There’s her geographical journey, encompassing places of residence like Chicago, Thailand and – to the delight of local musicians and listeners – Boston, along with many others she’s visited as a performer, picking up tunes, songs, stories, and friends along the way. There’s also her odyssey as a musician: A superlative Irish flute and tin whistle player (and a pretty darn good accordionist) who can sing the birds out of the trees, Heaton is constantly on the move inside the Irish tradition and outside of it as well, composing her own tunes and songs, even occasionally blending in her Thai influences; and while she and husband Matt are a much-beloved duo of boundless creativity and virtuosity, she has also established herself in other musical settings, namely as a member of Long Time Courting and Childsplay.

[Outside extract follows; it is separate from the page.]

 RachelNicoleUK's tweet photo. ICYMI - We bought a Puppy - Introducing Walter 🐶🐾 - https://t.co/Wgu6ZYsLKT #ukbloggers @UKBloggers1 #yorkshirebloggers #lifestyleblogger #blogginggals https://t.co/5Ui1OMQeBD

With “The Blue Dress,” her first solo album, Heaton has sorted through these various travels to find yet another direction in which to head. For this trek, she has left behind tin whistle, accordion, and voice to focus exclusively on her flute-playing, essaying tunes from the Irish tradition – including some of the most familiar, notably “The Wheels of the World” and even “The Irish Washerwoman” – as well as her own compositions, such as the lush title track, which she wrote to celebrate “the freshness, beauty, and fun in playing Irish music.” If this instrumental-only, flute-centered format seems to be limiting for Heaton, rest assured it’s not. She takes particular care, and pleasure, in drawing out the full capabilities of the flute and the character and depth of the tunes (not to imply she gave any of those things short shrift before).
Heaton also is aided mightily by her guest musicians: Matt is there on guitar and bouzouki for many of the tracks, and Shannon’s fellow Long Time Courting member, Liz Simmons, adds guitar on one track, but it’s Scottish harpist Maeve Gilchrist and percussionist/bouzouki and bodhran player Paddy League whose presence are felt the most. The harp’s resonance, its versatility as a melody and rhythm instrument, complements the flute’s gracefulness, and Gilchrist’s leanings toward jazz and world music make her playing all the more distinct. League has this world music business down pretty well, too – hey, he sings in Greek and Gaelic, and plays instruments from seemingly every corner of the globe – but most of all he provides a dead-on, yet subtle heartbeat to the rhythm.
These qualities, along with Heaton’s penchant for fanciful experimentation, are at the forefront in “99 High,” a medley of polkas made exotic by the funkiness of Gilchrist’s “prepared” harp and League’s drumming, which might not be regulation ceili band but is mesmerizingly brilliant. League switches to bouzouki for the “Red Molly” slip jig set, dexterously enhancing Gilchrist’s accompaniment. The “Dennis Watson’s” reel set, meanwhile, is a flute-bouzouki-bodhran barnburner, the three instruments gliding ceaselessly around each other like a flock of birds in perfect formation. In contrast, Heaton and Gilchrist bring an energetic, yet relaxed feel to the hornpipes in “Grandfather’s Thoughts.”
When it comes to feeling, Heaton’s compositions, like “Aunt Jane’s Trip to Norway” (Gilchrist all but conjures up visions of fjords at the outset) have a special character, bearing as they do a stamp of reminiscence and appreciation for loving family members and friends. “Against the Grain,” for instance, honors local artist Vincent Crotty, while “King Nalay” is an evocation of her bond with Thailand; and “Frost Place” was written for the aforementioned Lissa Schneckenburger and Corey DiMario, a slow reel that is tender and bucolic in the manner of their Vermont homestead.
Heaton notes that the album’s namesake, which she’s wearing in the cover photo, is “a vintage composition of lace and satin” – a perfectly appropriate description for this deeply felt, engaging work.